AI Audio Sites with Audio Preview

6/17/2023 · David Bono

The topics discussed in this article are for educational and research purposes only

AI is obviously the latest hype trend of 2023, and like most other curious tech guys, I had to run some experiments. I recently came across a text-to-speech ai platform (which will remain nameless for the purposes of this post) that has an extremely solid text-to-speech system with voices that sound realistic, with support for many languages and accents.

The site allows you to type your text and preview what it sounds like, however, after pressing the "download" button to export the audio of the synthesized speech, you are greeted with a paywall

This would usually deter the average user, or get them to pay if they really needed the audio, but me, a security researcher, had better ideas.

At this point you could obviously do something like get a virtual microphone driver whose input source is the audio out of your computer, and record the preview to your own audio file, but that would be no fun.

I've seen sites like this before, where they let you preview the audio without downloading it. In order for this to happen, two things must be true:

The audio file has to be sent to the browser in some format (otherwise there would be zero way to preview it)
The format has to eventually end up in a standard format (otherwise the browser couldn't actually play it)

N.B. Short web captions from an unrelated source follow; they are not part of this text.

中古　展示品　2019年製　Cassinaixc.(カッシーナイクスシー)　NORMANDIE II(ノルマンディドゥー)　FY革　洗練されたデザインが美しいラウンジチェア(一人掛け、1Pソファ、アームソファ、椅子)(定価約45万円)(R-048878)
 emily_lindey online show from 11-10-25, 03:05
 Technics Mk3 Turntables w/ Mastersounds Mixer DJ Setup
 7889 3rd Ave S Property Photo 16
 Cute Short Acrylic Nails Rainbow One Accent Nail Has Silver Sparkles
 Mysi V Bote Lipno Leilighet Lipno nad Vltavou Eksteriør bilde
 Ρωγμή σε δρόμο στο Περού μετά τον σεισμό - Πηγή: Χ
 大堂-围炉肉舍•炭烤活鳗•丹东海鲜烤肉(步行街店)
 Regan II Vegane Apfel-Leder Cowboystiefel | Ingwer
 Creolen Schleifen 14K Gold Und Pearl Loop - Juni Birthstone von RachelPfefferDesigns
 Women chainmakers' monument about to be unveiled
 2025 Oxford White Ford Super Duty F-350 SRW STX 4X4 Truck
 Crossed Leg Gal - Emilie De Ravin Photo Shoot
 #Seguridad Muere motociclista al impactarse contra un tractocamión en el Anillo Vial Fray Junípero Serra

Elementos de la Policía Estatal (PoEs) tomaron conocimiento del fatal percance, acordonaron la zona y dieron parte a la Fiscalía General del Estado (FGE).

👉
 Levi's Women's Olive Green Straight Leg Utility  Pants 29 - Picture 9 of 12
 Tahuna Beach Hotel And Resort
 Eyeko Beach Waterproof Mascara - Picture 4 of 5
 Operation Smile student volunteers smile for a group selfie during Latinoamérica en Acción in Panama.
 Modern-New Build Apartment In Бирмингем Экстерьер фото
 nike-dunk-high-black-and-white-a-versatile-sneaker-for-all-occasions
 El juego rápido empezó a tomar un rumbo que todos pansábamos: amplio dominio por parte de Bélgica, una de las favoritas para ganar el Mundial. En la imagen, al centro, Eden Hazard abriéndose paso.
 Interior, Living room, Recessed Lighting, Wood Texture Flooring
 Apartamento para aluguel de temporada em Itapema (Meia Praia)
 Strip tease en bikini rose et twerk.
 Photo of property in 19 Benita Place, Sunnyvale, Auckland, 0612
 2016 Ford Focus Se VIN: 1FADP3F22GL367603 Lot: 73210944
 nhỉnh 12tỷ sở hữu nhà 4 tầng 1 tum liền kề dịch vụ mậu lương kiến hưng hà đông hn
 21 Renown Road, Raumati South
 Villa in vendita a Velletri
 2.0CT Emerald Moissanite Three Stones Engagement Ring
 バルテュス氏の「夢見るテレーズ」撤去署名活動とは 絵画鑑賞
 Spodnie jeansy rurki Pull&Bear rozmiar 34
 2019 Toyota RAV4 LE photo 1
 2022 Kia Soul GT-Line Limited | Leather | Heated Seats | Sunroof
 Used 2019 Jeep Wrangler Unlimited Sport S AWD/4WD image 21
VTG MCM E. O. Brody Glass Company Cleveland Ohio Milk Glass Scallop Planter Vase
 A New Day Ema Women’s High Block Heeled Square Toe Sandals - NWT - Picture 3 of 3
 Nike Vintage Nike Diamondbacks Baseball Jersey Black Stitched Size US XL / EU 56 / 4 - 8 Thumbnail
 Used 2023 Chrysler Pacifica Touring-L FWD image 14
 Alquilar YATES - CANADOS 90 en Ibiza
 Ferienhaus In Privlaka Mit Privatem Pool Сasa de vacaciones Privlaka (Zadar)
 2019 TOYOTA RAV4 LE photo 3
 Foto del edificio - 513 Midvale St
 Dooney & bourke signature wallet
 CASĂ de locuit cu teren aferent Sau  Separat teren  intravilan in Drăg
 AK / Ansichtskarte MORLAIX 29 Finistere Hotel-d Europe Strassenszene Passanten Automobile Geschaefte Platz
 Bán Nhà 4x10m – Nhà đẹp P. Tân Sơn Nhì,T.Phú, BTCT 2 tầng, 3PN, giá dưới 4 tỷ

A different AI generated audio site simply added an <audio> tag to the dom for previewing and linked to a file that was generated and temporarily stored on their servers. That type of system is extremely easy to reverse engineer, you simply could request the url mentioned in the src attribute and be off to the races with your downloaded audio file. This recent site wasn't that simple (if it was I probably couldn't write a blog post about it).

I checked the network tab to inspect the requests that were happening when the audio file was generated, and I noticed a call to a URL that looked promising;

audio.api.<unnamed>.com

The response of this request, however, was not promising.

I base64 decoded the response and saved it to raw_message.bin . Using the file command just spat back that it was data so I wasn't lucky enough that the response was going to simply be the raw audio file.

I opened the file up in a hex editor to see if there was anything interesting and bytes 4-7 of the file were OggS . OggS are the magic bytes for *.ogg audio files! However, they are at bytes 4-7 of the file instead of 0-3. 🤔 Why would there be a 4 byte offset?

I checked back to the request/response sequence for the audio file and noticed something, the MIME type for the response is application/protobuf and the request includes a json field forcedAudioFormat: "ogg" . Could the message be a protobuf where the first key/value pair contains the audio data?

I used protoc --deocde_raw < raw_message.bin and Voila! The strucure of the message spat out at me and included the first field containing a byte array, the second field containg a string; "ogg" and then a few more fields relating to the original text I typed to generate the audio file in the first place.

I quickly wrote my own .proto definition for the example message I had (because that's the easiest way to extract one specific value from a proto message), and used python to write the value of the first field to speech.ogg . I opened the file in VLC and was able to hear the sweet quasi-realistic AI voice speaking back to me the words I just had it generate moments ago, although this time the file was located on my own hardware.

Remediations?

I thought about a possible way to have this audio preview feature for AI audio sites like this that somehow can avoid users downloading the audio files, however I think most efforts would be in vain. A user still would have the ability to redirect the audio output to a virtual microphone, digitally "record" the preview and walk away with the audio file.

You could potentially split up the audio file into multiple pieces before sending it, which would make data collection cumbersome, but security through obscurity is never a good way to make something "secure". Someone who is highly motivated would still be able to download the file.